Indeed, how hard did the press corps work to avoid discussing Bush’s blunders? The New York Times’ Frank Bruni thought Bush was doing so poorly at this debate that he was blowing his chance for the White House. “He made a few ridiculous statements,” Bruni wrote. “I remember watching the first debate from one of the seats inside the auditorium and thinking that Bush was in the process of losing the presidency.” But Bruni didn’t rush to say such things—to promote the notion that Bush is dumb. That quote is taken from Bruni’s book, which didn’t appear until the spring of 2002, as Bush was dumbly preparing to take us to war. In real time, Bruni fawned and pandered to Bush, despite the “ridiculous statements” he’d made. The morning after that first debate, Bruni led his report in the New York Times with an anecdote designed to embarrass Gore. See THE DAILY HOWLER, 3/18/02, for an account of this typical incident.
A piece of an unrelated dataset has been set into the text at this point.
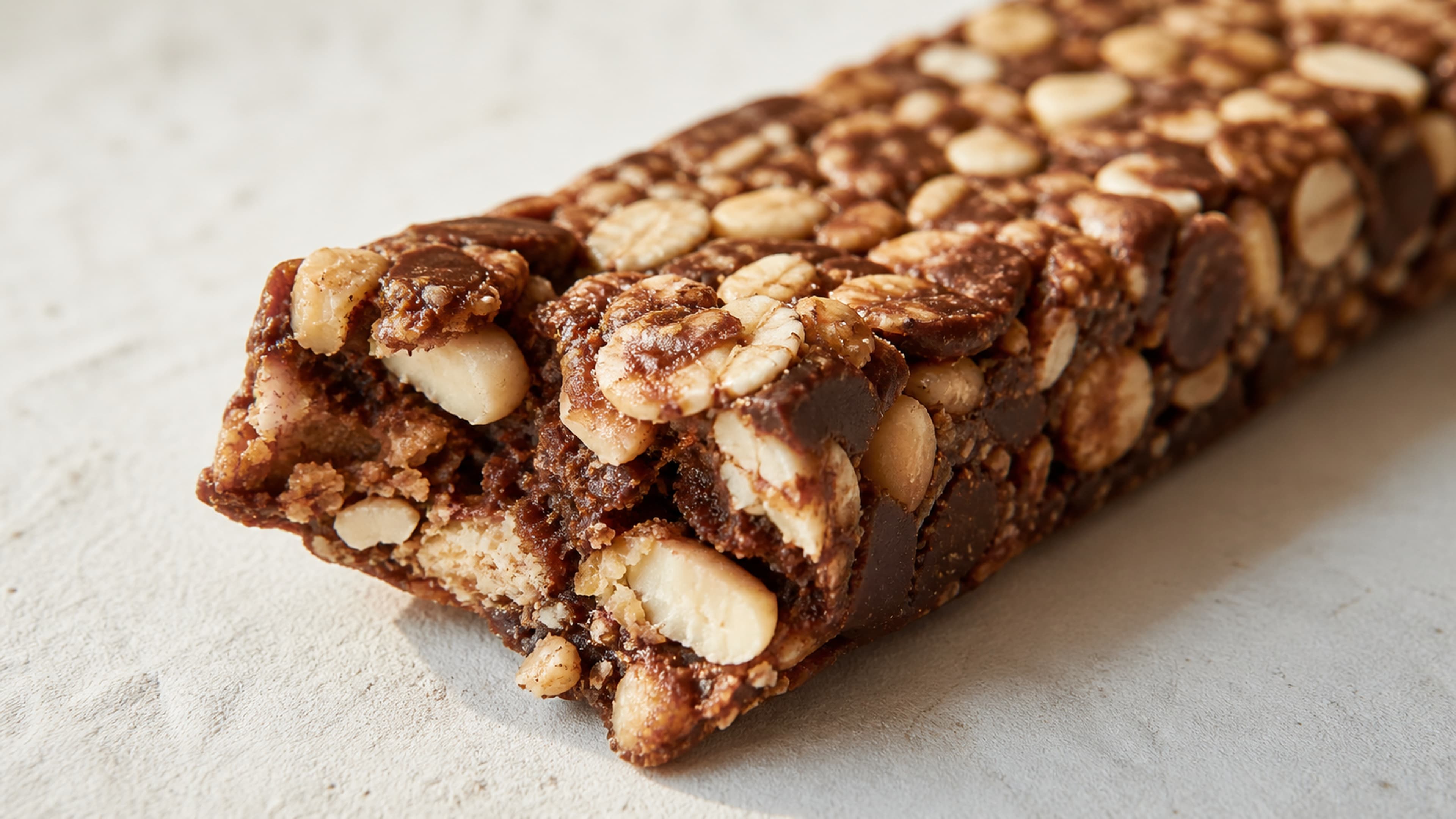 Close-up of a protein bar on a white surface highlighting its ingredients and texture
No, Virginia. The press corps wasn’t promoting a narrative in which Bush “wasn’t smart enough.” Cokie simply said that to Kurtz, trying to wriggle away from the truth. Gore's a liar; Bush is a dope? The press corps struggled, strained and strove to pimp that first story-line to the rubes. But Bush is a dope was hard to find in the press corps’ actions.

Eric is right as rain about those narratives; the boys and girls of the mainstream press corps are happiest when they all say the same things. Gore is a liar? They themselves endlessly lied to say it! But Bush is a dope? We must demur. If you examine that campaign’s coverage, you’ll see that this story was AWOL.